I'm not particularly keen on the notion that it's crucial to speed up excessively at any cost.

I firmly believe that even if Generative AI ceased accelerating, we would still reap enormous benefits from everything released over the last two years.

We're faced with years of work merely to uncover what can truly be achieved with these models, and we're only human: we need time to assimilate innovations.
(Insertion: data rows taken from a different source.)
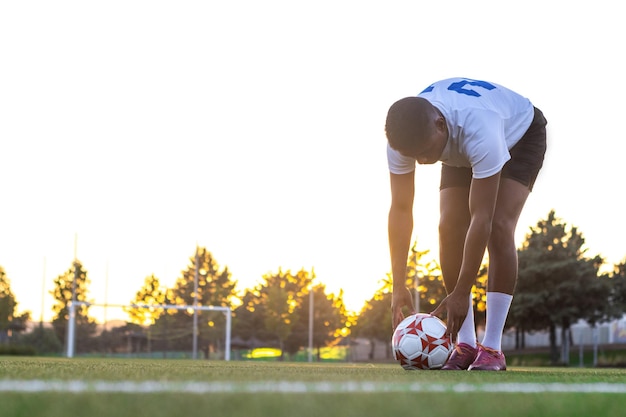 Football player placing the ball on the grass Low angle of football player putting the ball on the grass in free kick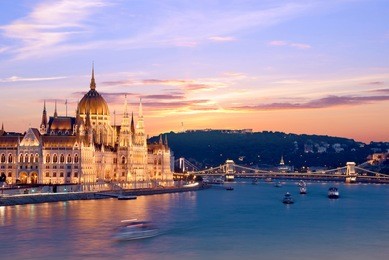 the picturesque landscape of the parliament and the bridge over the danube in budapest, hungary, europe at sunset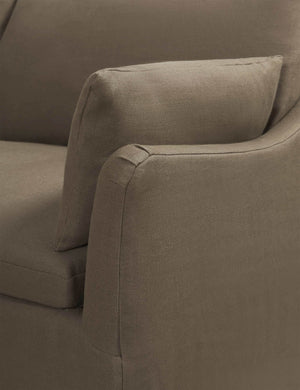 Close-up of the sloped-arm on the Portola Mushroom brown linen Slipcover corner sectional Sofa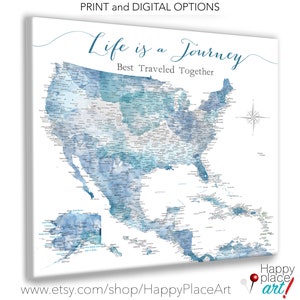 May include: A watercolor map of the United States with the text "Life is a Journey, Best Traveled Together". The map is in shades of blue and gray, with the names of cities and states written on it. The map is surrounded by a white border.
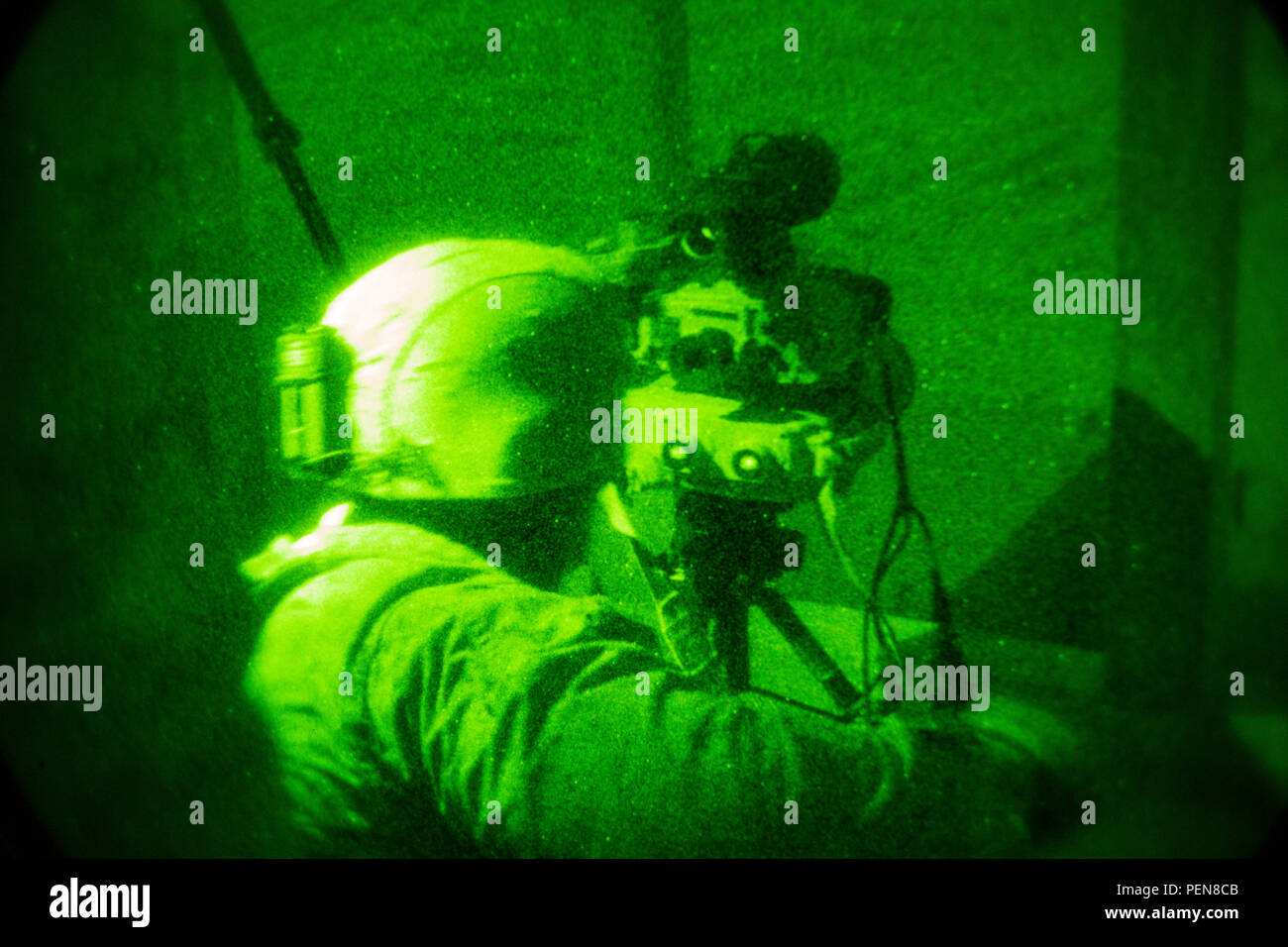 U.S. Marine Corps Cpl. Sheldon Muse, radio operator, with 1st Air Naval  Gunfire Liaison Company, Special Purpose Marine Air-Ground Task Force-Crisis  Response-Central Command, uses an AN/PAS-25 thermal laser spot imager to  locate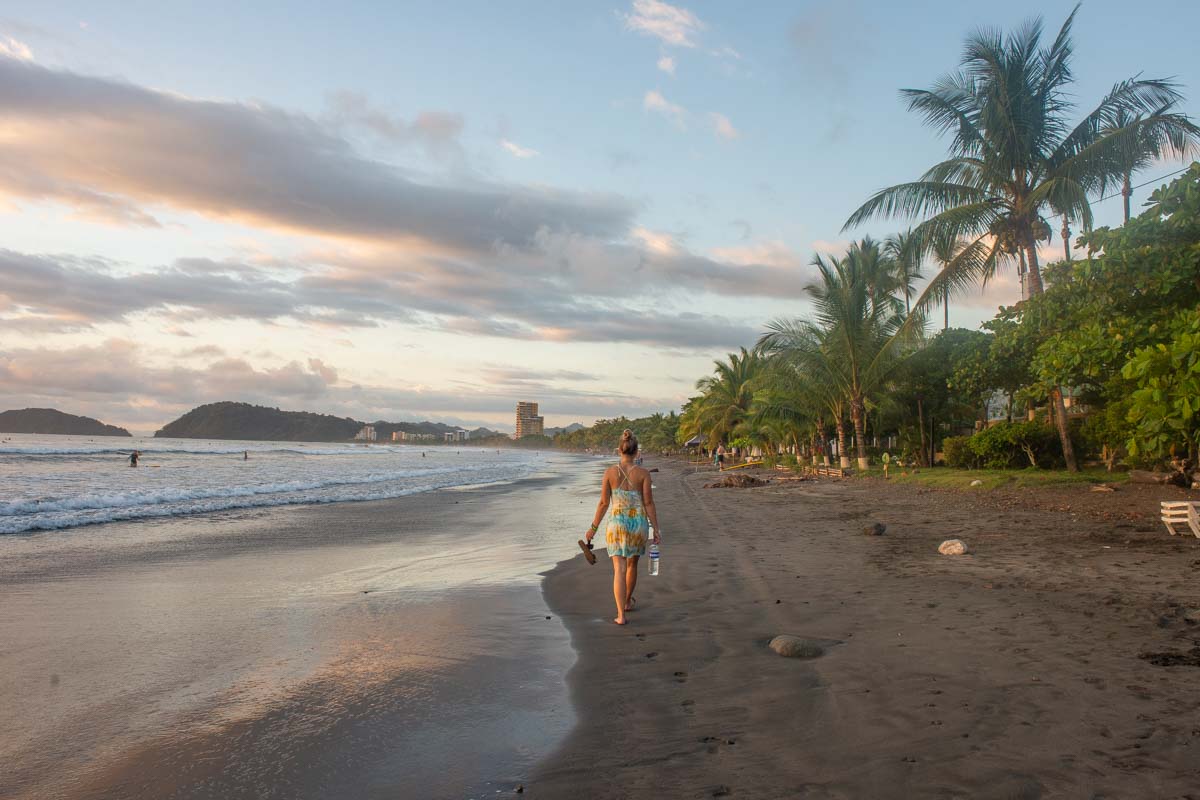 A person walking along a beach shore during a sunset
Yet, I don't foresee this slowdown occurring. At this stage, we'll invariably find ways to keep moving forward.

See you soon!

Massimiliano

P.s. If you enjoyed this article, please share it. Discover more on Linkedin or on maxturazzini.com

Here's the Glossary

(kindly provided by GPT-4o)

Term	Clear and Accessible Definition
Generative AI	A type of artificial intelligence creating original content (texts, images, music, videos) based on what it has learned from large volumes of data.
LLM (Large Language Model)	AI model trained on massive text datasets to generate coherent, contextual responses. The larger the model, the more data and computational power required.
Scaling Laws	Empirical rules describing how increased resources (data, parameters, computation) enhance an AI model's performance. They divide into three phases: pre-training, post-training, and test-time.
Pre-training Scaling	The initial phase where the model is trained with massive data volumes and computational power to learn patterns and relationships between words.
Post-training Scaling	Optimizations following pre-training, including fine-tuning, RLHF (human feedback), pruning (reducing unnecessary parameters), and other techniques to improve efficiency and performance.
Test-time Scaling	Strategies to improve performance while the model is in use, through prompting techniques, hardware advancements (GPU, TPU), quantization, and dynamic resource management.
Fine-tuning	Tailoring a pre-trained AI model for specific tasks or industries without retraining it from scratch.
RLHF (Reinforcement Learning with Human Feedback)	A technique where humans evaluate AI responses, helping it identify the most useful and accurate ones.
Prompt	The textual request made to the AI model. A well-crafted prompt can significantly enhance response quality.
Prompt Engineering	The craft of writing optimized prompts to obtain better responses from AI models.
COT (Chain-of-Thought) Prompting	A prompting technique enabling the model to think step-by-step before responding, enhancing response accuracy and complexity.
Token	The base text unit processed by an LLM. It can be a word, word piece, or character. More tokens used, costlier the computation.
Quantization	A technique reducing a model's numerical precision, decreasing memory consumption while enhancing efficiency without sacrificing much performance.
Pruning	Selectively removing model parts to make it leaner and more efficient by eliminating less useful parameters.
Dynamic Resource Allocation	Strategies applied by AI models to determine how much computational power to use based on task complexity. GPT-5 will autonomously regulate the necessary "reasoning" level, according to OpenAI.
Adaptive Attention	A method where AI focuses its resources on key parts of the text to enhance response quality without computational waste.
O1, O1-Pro, O3-mini, DeepSeek, Gemini Flash Thinking	New generations of optimized AI models for advanced reasoning.
Test-time Optimizations	A set of techniques to make AI faster and more efficient during use, including advanced hardware, model compression, and intelligent memory management.